START INFORMATION PROVIDED
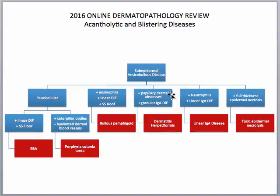If you have a subepidermal split with papillary dermal abscesses and granular IgA localizing to the papillary dermis on DIF, you would want to think of dermatitis herpetiformis. If you have a subepidermal cleft with neutrophils — which may or may not be solely in papillary dermal abscesses — and a linear IgA pattern on direct immunofluorescence, you would want to think of linear IgA disease.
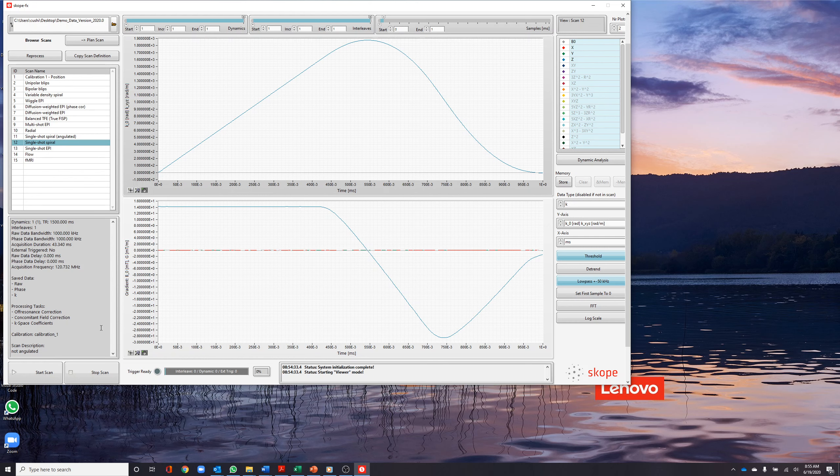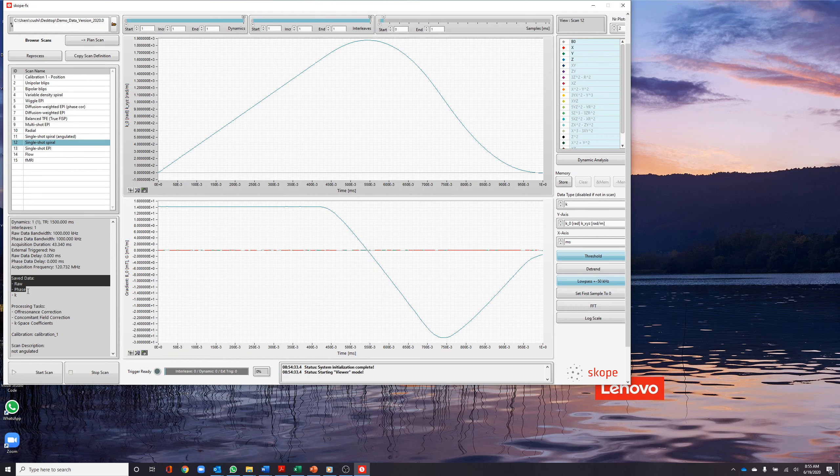Raw field devolution was sampled at 1 MHz for 43 milliseconds. Saved data in this dataset includes the raw probe data, processed phase data, and the k-space.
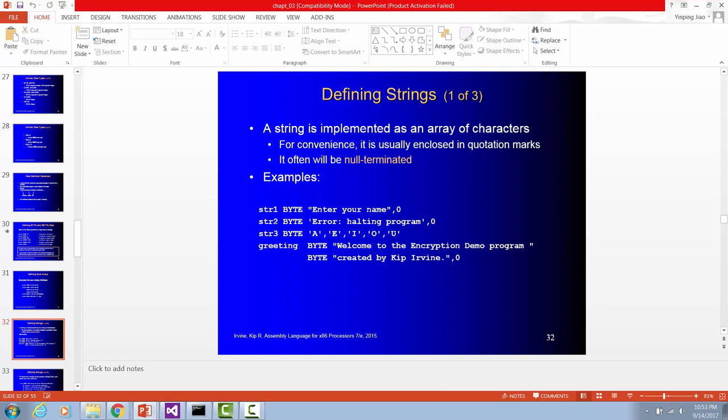So this is string 2. Also it's byte. And you can use a single quote for a string in assembly. You have this flexibility. Also this string ends with no character, zero. No character marks the end of a string. This is true in C++.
END INFORMATION PROVIDED
• DIRECTIONS:
The lines above should be transcribed exactly, with every image removed.

• SOLVED PROBLEM:
If you have a subepidermal split with papillary dermal abscesses and granular IgA localizing to the papillary dermis on DIF, you would want to think of dermatitis herpetiformis. If you have a subepidermal cleft with neutrophils — which may or may not be solely in papillary dermal abscesses — and a linear IgA pattern on direct immunofluorescence, you would want to think of linear IgA disease.
Raw field devolution was sampled at 1 MHz for 43 milliseconds. Saved data in this dataset includes the raw probe data, processed phase data, and the k-space.
So this is string 2. Also it's byte. And you can use a single quote for a string in assembly. You have this flexibility. Also this string ends with no character, zero. No character marks the end of a string. This is true in C++.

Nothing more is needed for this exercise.